American Mythology Productions 2021
Written by Todd Livingston & Nick Capetanakis
Illustrated & Lettered by Brendon & Brian Fraim
Coloured by James Couts
Hollywood's 306th best actress stars in the hilarious, action-packed sword & sorcery movie Warrior Woman: Death Team 5. When Warrior Woman Eena (Sonya Devereaux) is forced out of retirement to search for kidnapped Princess Harlotta, she re-assembles the mighty, all-female Death Team to combat evil Lord Tombstroke. But can they stop fighting amongst themselves long enough to save the kingdom from tyranny and a moat-load of misogyny?
This is one of those guilty pleasure books that I will wholeheartedly own up to. It really is as silly as they come but at the same time it takes itself seriously in a way that only the best tongue-in-cheek style of storytelling can pull off. What Todd & Nick manage to pull off here is the equivalent to any number of horror screen sirens who make their living in the genre and travel the Horrorhound style circuit of conventions knowing full well that it’s thanks to their tits & ass as well as their ability to simply scream is what makes them so bloody popular.

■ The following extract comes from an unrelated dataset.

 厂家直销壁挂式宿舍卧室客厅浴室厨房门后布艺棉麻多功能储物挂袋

I like the way that this is being told. The story & plot development that we see through how the sequence of events unfold as well as how the reader learns information is presented exceptionally well. There really is something humorous about the way that we see this unfold and unashamedly Sonya will flirt to get something she wants whether it’s a part in a film or simply some sushi. The character development that we see here is fantastic and it’s a combination of the dialogue and how we see the characters act and react to the situations and circumstances they encounter that fleshes them out. The pacing here is great and as it takes us through the pages revealing the story it is definitely full of those superb moments that make you want to see more.

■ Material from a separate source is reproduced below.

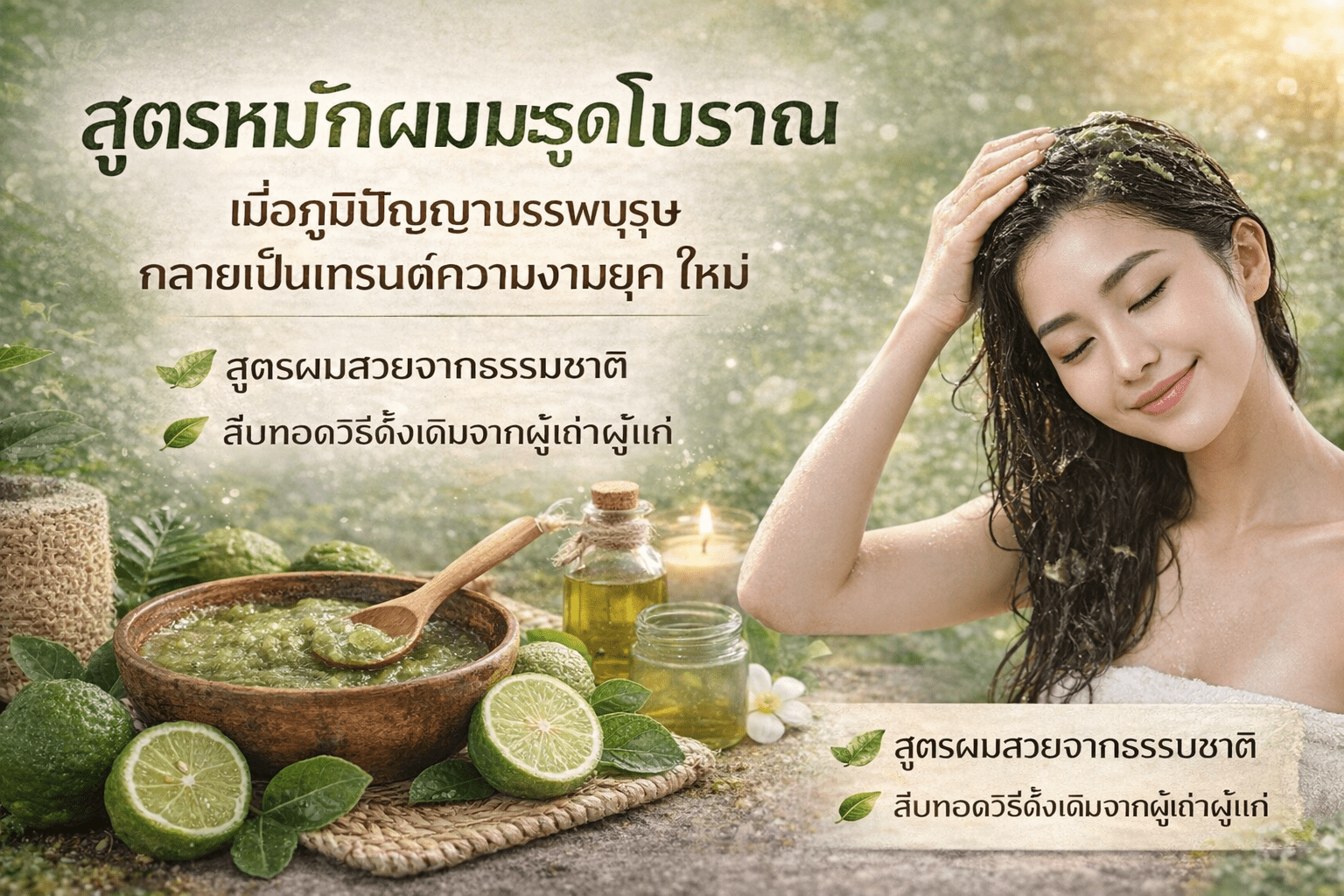 สูตรหมักผมมะกรูดโบราณ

I really like how we see this being structured and how the layers within the story are not at all subtle. The overtness of Sonja and her personality is mirrored in the direction we see the story take and I think it’s done perfectly that way. How we see everything working together to create the story’s ebb & flow as well as how it moves the story constantly forward is executed extremely well.
So the brothers Fraim work on the interiors here is pretty fabulous. There is something extremely familiar about Frank and Cody and I feel like have seen them somewhere before, and no not on King of the Hill or Scooby Doo. For this kind of story this is the boys have a very comic book close to cartoon style to their work and it completely fits with what we see perfectly. The attention to detail is really nicely rendered and how we see the backgrounds within the composition of the panels bring us some nice depth perception, sense of scale and that overall sense of size and scope to the story. The utilisation of the page layouts and how we see the angles and perspective in the panels show a talented eye for storytelling. The colour work is great and as we see the various hues and tones within the colours being utilised to create the shading, highlights and shadow work it really shines.
Thank goodness there is room in the market for all kinds of books. In my humble opinion there aren’t enough feel good fun books on stands anymore so when they do come out we need to support them so we’ll see more of them. This is one of those series, it’s so intelligently done on so many levels that it’s entertaining, engaging and just a pleasure and a half to read.